At 2:34 the jury retired to the jury room to decide the verdict. Mamie, sitting at the black press table with Representative Diggs and the contingent of reporters, decided she did not need to wait. “As the jury retired,” she wrote later, “I measured the looks of the folks in the rear and I turned to Congressman Diggs and the others. ‘The jury has retired and it’s time for us to retire.’?” She and Diggs, taking the still-trembling Reed with them, made their way through the milling crowds to their car and headed back to Mound Bayou.31





16


THE VERDICT OF THE WORLD


Milam, Bryant, and their accomplices expected a select audience for their abduction and butchery of a black teenager. They expected that audience to be local rather than regional or national, and it is unlikely they gave world opinion any thought. They assumed any attention given their crimes would be whispered rather than broadcast.
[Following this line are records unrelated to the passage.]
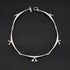 Hans Hansen Jewelry Very RARE Hans Hansen Denmark Modernist Sterling Enamel Necklace 1960s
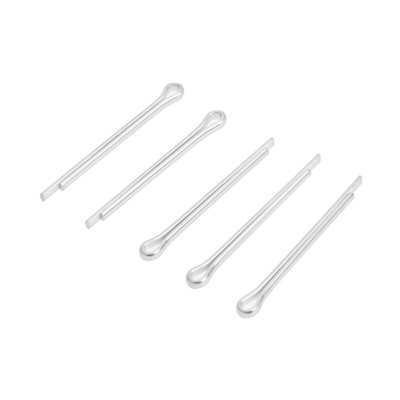 Шплинт DIN 94 3.2×40 шт. белый цинк 5 шт.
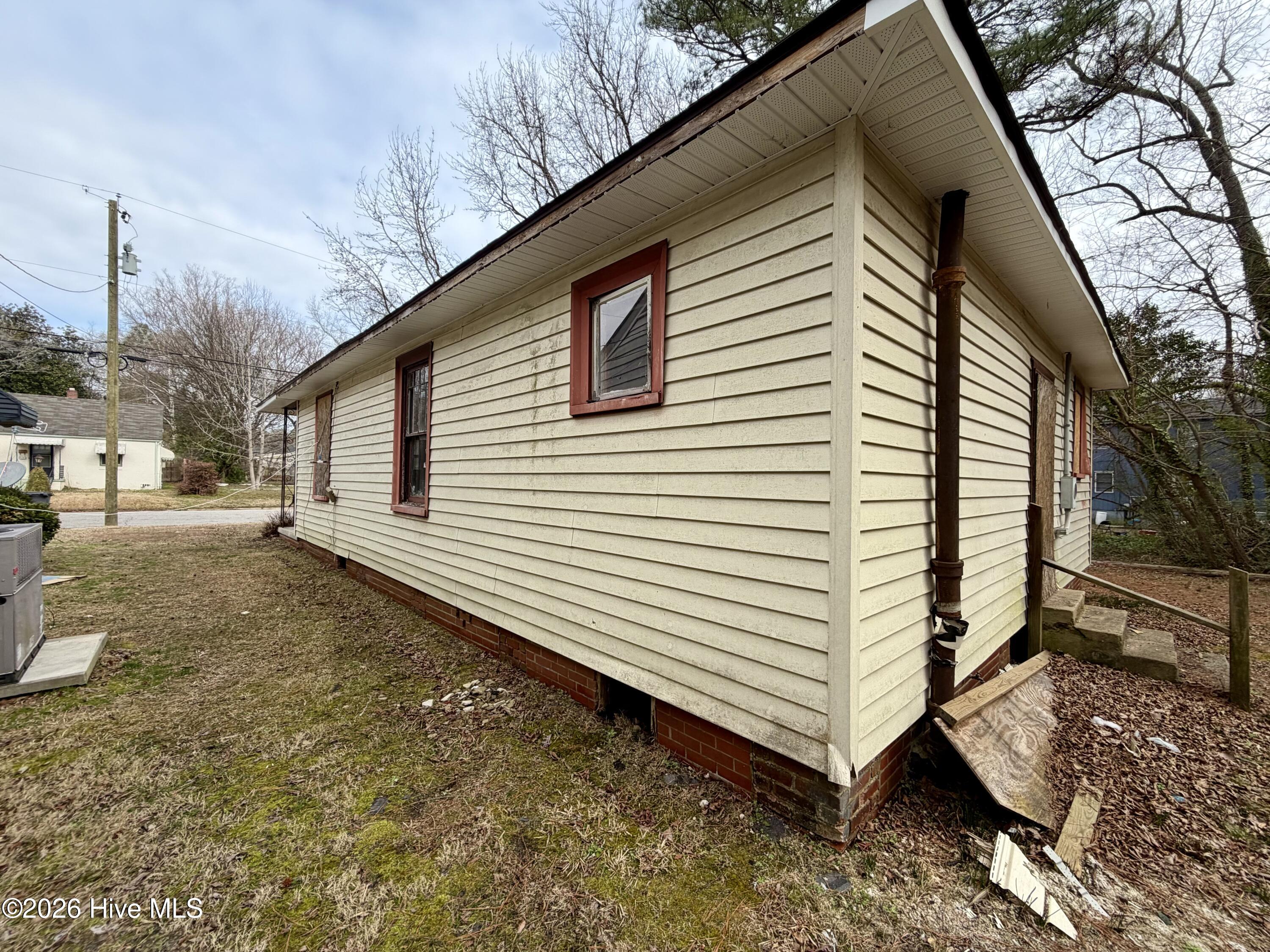 933 Tyan Street, Rocky Mount, NC, 27801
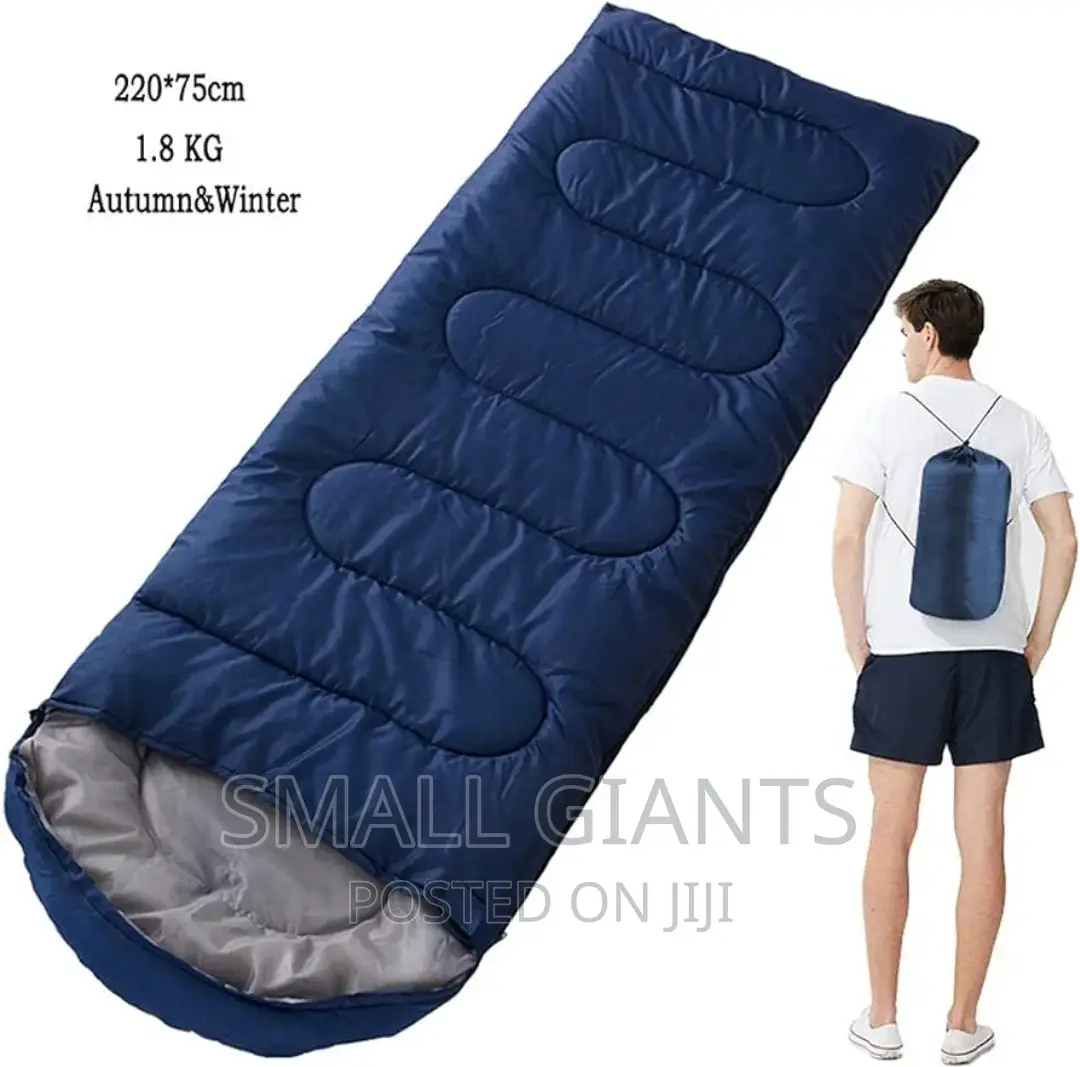 Portable Camping Sleeping Bag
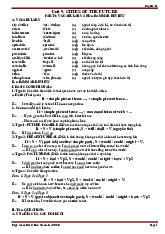 Unit 9 - Practice Test No. 1 - Tài liệu tổng hợp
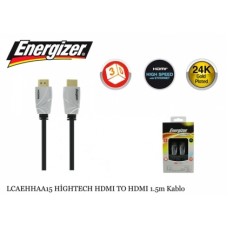 Energizer LCAEHHAA15 HİGHTECH HDMI TO HDMI 1.5m Kablo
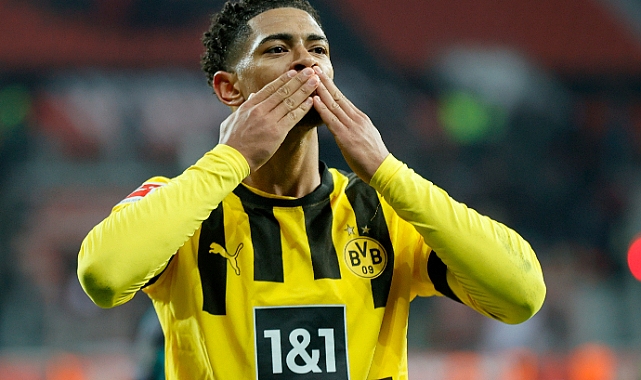 Real Madrid, Bellingham transferini duyurdu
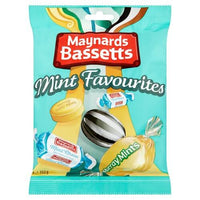 Maynards Bassetts Mint Favorites 192g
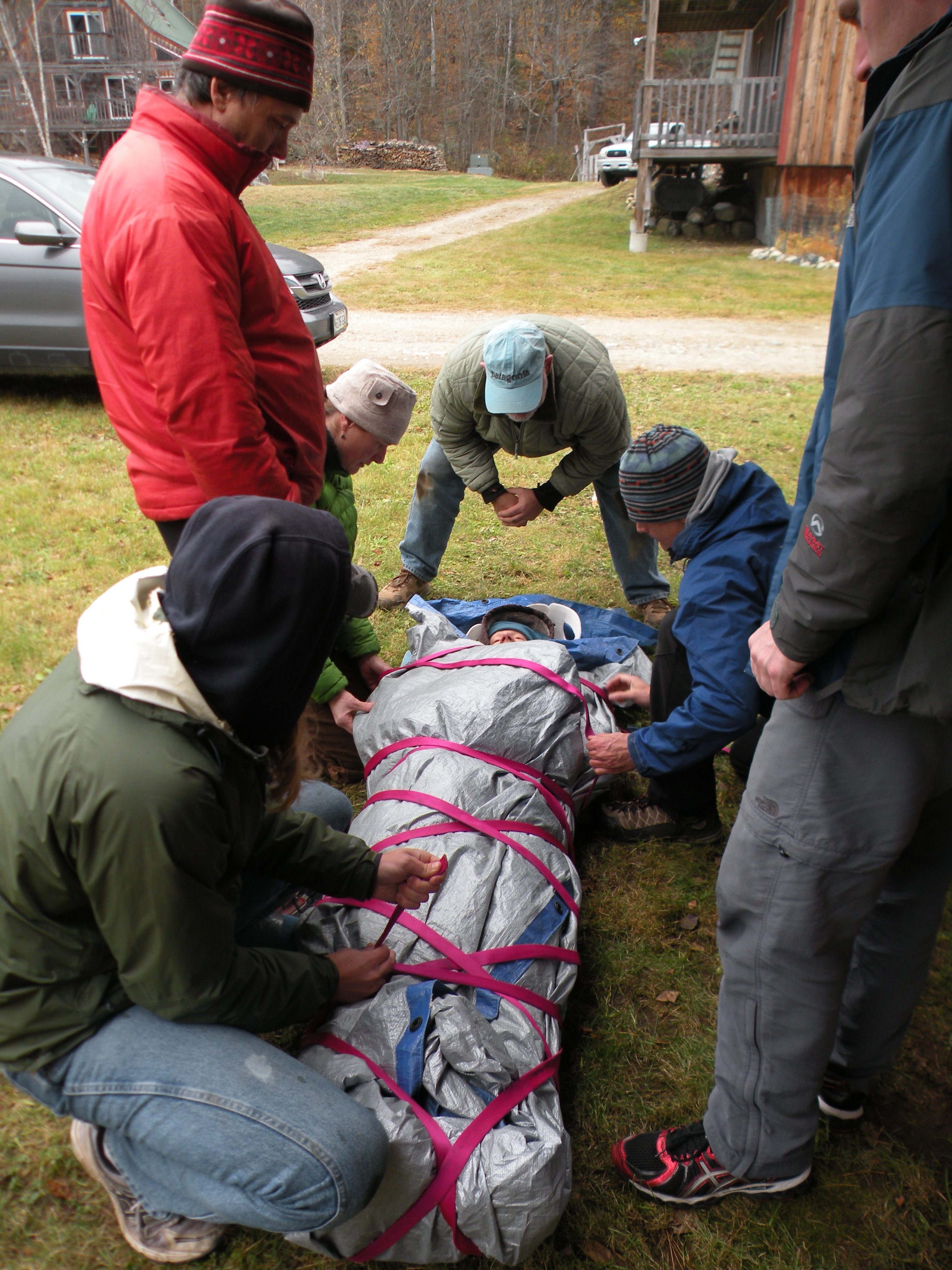 WILDERNESS FIRST AID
They abducted Emmett Till, killed him, and disposed of his body in ways they knew would promote those whispers. With their guns and flashlights and swagger, they knew that every black person in the Delta would soon hear of his disappearance, and their role in it. From the moment they got in the truck to grab the boy who “did the talking” they were determined, as they would soon say publicly, to send a message that would serve as both signpost and pillar of the social order of white supremacy. From the moment they decided to kill him, their act was a lynching, not an assassination or a simple murder.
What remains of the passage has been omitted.